California Court of Appeals, Fourth District, Third Division
Dec 3, 2007
No. G039107 (Cal. Ct. App. Dec. 3, 2007)

Opinion


CAROL M., Petitioner, v. THE SUPERIOR COURT OF ORANGE COUNTY, Respondent ORANGE COUNTY SOCIAL SERVICES AGENCY et al., Real Parties in Interest. G039107 California Court of Appeal, Fourth District, Third Division December 3, 2007

NOT TO BE PUBLISHED

Original proceeding; petition for a writ of mandate/prohibition to challenge an order of the Superior Court of Orange County Super. Ct. Nos. J426904, J438287, DP013740, John C. Gastelum, Judge.

Juvenile Defenders and Donna P. Chirco for Petitioner.

No appearance for Respondent.

Benjamin P. de Mayo, County Counsel and Karen L. Christensen, Deputy County Counsel, for Real Party in Interest Orange County Social Services Agency.

Law Office of Harold LaFlamme and Mari Duque for Real Parties in Interest Justin M., Jazmin M., and Katey H.

OPINION

RYLAARSDAM, ACTING P. J.

Petitioner Carol M., mother of 17 year-old Justin M., 14 year-old Jazmin M., and 4 year-old Katey H., seeks extraordinary relief from an order denying her reunification services with her children and setting a permanency hearing under Welfare and Institutions Code section 366.26 (all further statutory references are to this code). She also requests us to stay the permanency hearing, scheduled for December 4, 2007. Mother contends the trial court erred in denying her services because she had successfully reunited with the minors and dependency was terminated in a prior dependency proceeding.
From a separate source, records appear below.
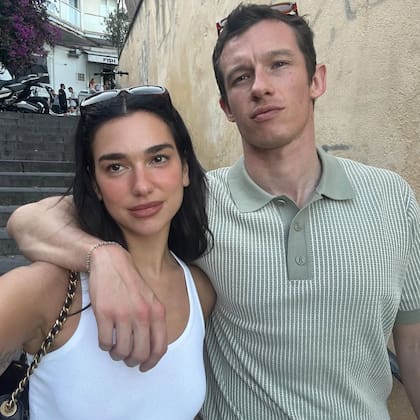 Tras varios rumores y especulaciones, hace unos días Dua Lipa confirmó que está comprometida con su novio Callum Turner (Foto: Instagram @dualipa)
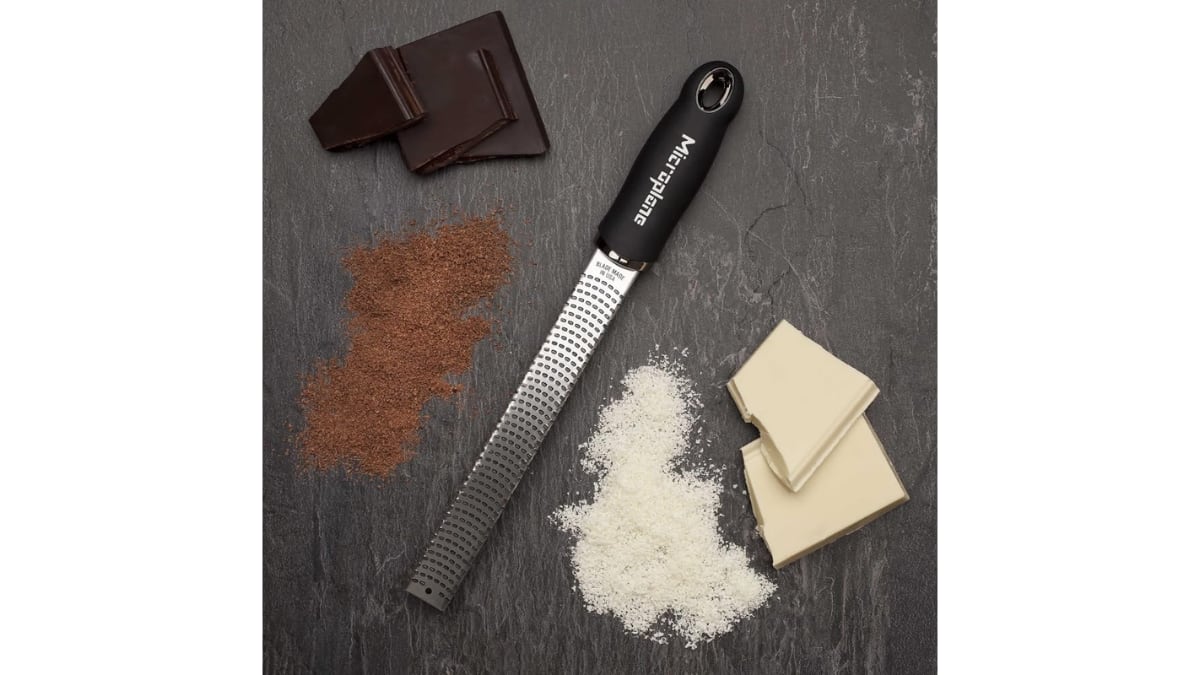 El Microplane también se puede usar para rallar chocolate.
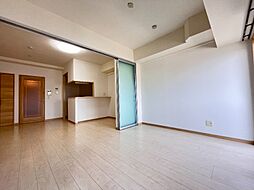 JR鹿児島本線 九州工大前駅 徒歩16分の賃貸マンション 2階1LDKのリビング/ダイニング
Finding no error, we deny the petition and request to stay the permanency hearing.

FACTUAL AND PROCEDURAL BACKGROUND

Social services has contacted mother 10 times since 1992. This is the 11th child abuse report regarding mother and the third time the juvenile court has removed her children from her care.

In 1992, Ashley, now an adult half-sibling, and Justin were taken into protective custody after Justin was physically abused by mother’s then-boyfriend. Mother complied with her service plan, regained custody of the children, and the dependency was terminated.

In 1998, social services filed another dependency petition, this time on behalf of Justin and Jazmin. The petition alleged mother had struck Jazmin with a belt causing bruising, and that mother had drug abuse and mental health issues. The petition was sustained and mother received almost a year and a half of reunification services. In March 2000, the court terminated reunification services and set the case for a permanency hearing. It ordered Justin and Jazmin into long-term foster care.

Mother began attending a substance abuse program and was granted additional reunification services at the social worker’s recommendation. She regained custody of both Jazmin and Justin and their cases were terminated in 2005.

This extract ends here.